Two days later, Weeks turned himself in to the Fulton County Sheriff’s Office. He was released on $40,000 bail with the condition that he have no contact with his wife or her sister. On Friday, he was indicted on charges of aggravated assault and making terroristic threats.
Weeks’ attorney, Ed Garland, didn’t immediately respond to calls seeking comment.
A request to speak with Bynum through her publicist was declined.
Bynum’s MySpace page has a message for her followers: “I am currently recovering from all of my injuries and resting well. There are so many great things happening for me in my future, and so much to look forward to concerning my destiny, this too shall pass. The Bible says in Proverbs 4:25 ‘Let your eyes look right on with fixed purpose and let your gaze be straight before you.'”
Bynum, a former hairdresser and flight attendant, gained wide attention after she preached her breakout sermon, “No More Sheets,” at a Christian singles event in 1998 about breaking free of sexual promiscuity. An audience of thousands applauded her raw, no-nonsense delivery, peppered with first-person accounts of her struggle with her spirituality and secular ways.
“I find it very difficult to listen to anybody preach to me about being single when they got a pair of thighs in their bed every night … telling me to ‘Hold on,'” Bynum roared. “I wanna hear ‘Hold on’ from somebody who’s really holding on! I wanna hear ‘Hold on’ from somebody who knows about struggle!”
She admonished the women in the audience to improve themselves before seeking husbands.
“We ain’t got nothing,” she told them. “What are you bringing to the table? God is calling you to accountability today! Get yourself together!”
Lauren Aqeel was 10 years old when she saw Bynum’s sermon and said it had a powerful effect on her.
“At the time, there were not many female preachers I had been exposed to,” said Aqeel, now 18, who added that she felt the call to preach a few years later. “She has been a mentor from afar to me.”
Pulpit power couples like Bynum and Weeks lead several successful black churches, with their marriages prominently factored into their ministries and serving as an example to their congregations. Often, the wives also run popular women’s ministries that extol the virtues of being a good Christian woman, spouse and parent.
These couples include Creflo and Taffi Dollar, who head World Changers Church International, based in College Park; Bishop T.D. Jakes and his wife, Serita, leaders of The Potter’s House, based in Dallas; and Bishop Eddie Long and his wife, Vanessa, who are the faces of New Birth Missionary Baptist Church in Lithonia.
But for Bynum and Weeks, the allegation of domestic violence could have meaning beyond their marriage.
“For all of the strides that have been made to overcome the male dominance that is associated with fundamental Christian expression, this throws light on the ways in which women have been overshadowed in problematic and troublesome ways in the charismatic movement,” Carter said.

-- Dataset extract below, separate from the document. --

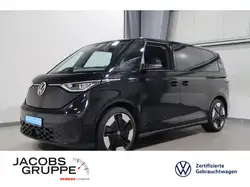 Volkswagen ID. Buzz Pro Matrix*LED*SH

At a forum Thursday at Spelman College, a historically black women’s college in Atlanta, many of the young women in the audience said they were shocked and saddened to hear of the alleged attack on Bynum.

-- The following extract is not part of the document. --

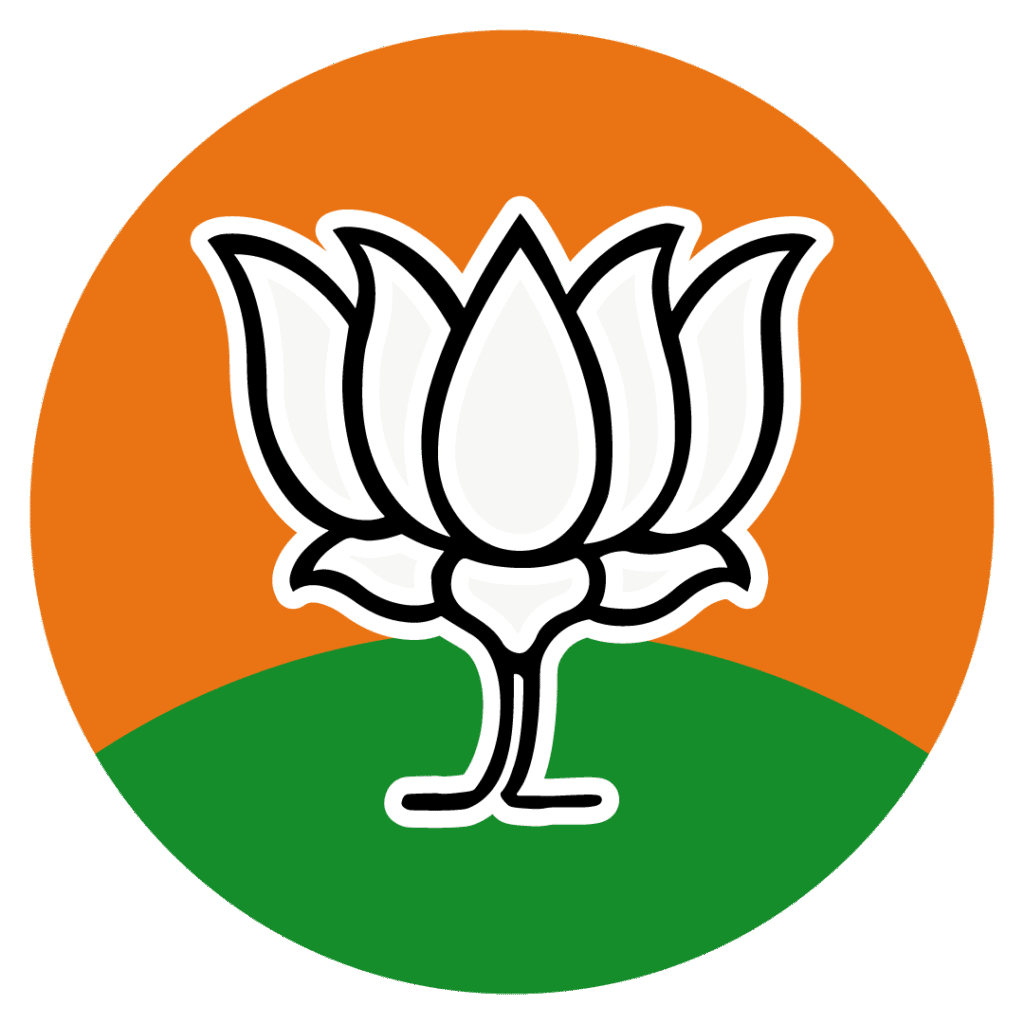 उत्तराखंड भाजपा ने तय किए अपने ब्लॉक प्रमुख पद पर अधिकृत प्रत्याशी, जानिए सूची में हैं किनके नाम । NIU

“It just hit me like a wake-up call, that even the strongest can be victims,” said sophomore Elizabeth Alexander. “When he was hitting her, her husband had no respect for her role.”
Alexander said she sought the opinion of her own pastor, who is male, expecting him to condemn Weeks’ actions. Instead, he responded with scriptures, and said nothing of domestic violence being wrong.
“I was thinking ‘This is my spiritual leader. If I’m abused, what do you do for me?'”
Support for Weeks has been strong on his MySpace page. One message posted Aug. 28 reads: “Bishop Weeks, don’t be discouraged, but be encouraged. Stand firm and know that the Lord is mighty in battle.”
Kera Street, 20, said she is disturbed by such comments.
“She is a victim,” Street said. “It can’t be supported or condoned by the church.”
In an Aug. 31 e-mail to The Associated Press, Jakes said it is time for the faith community to come out of shock over the Bynum-Weeks controversy.
“Knowing the Bible may make you a strong Christian or a great speaker but that doesn’t necessarily mean that it is the only resource we can draw from or work with to help those in our pews who suffer in silence,” Jakes wrote. “Prayer is a good starting point but this is a problem where wise and fair action steps are needed.”
Aqeel said the incident brings Bynum closer to her followers.
“It got a point where you didn’t see her past anymore,” Aqeel said. “You were seeing a polished, well-groomed, woman of God. But now you see she’s still a work in progress. That’s going to create a deeper audience for her.”
Carter said it’s impossible to predict how Bynum’s ministry will rebound, but he said it’s possible she’ll resume with little loss.
“This in no way undermines her significance. If anything, it underscores the importance of that aspect of her message — the need for healthy relationships. It underscores that no preacher is bigger than their own message.”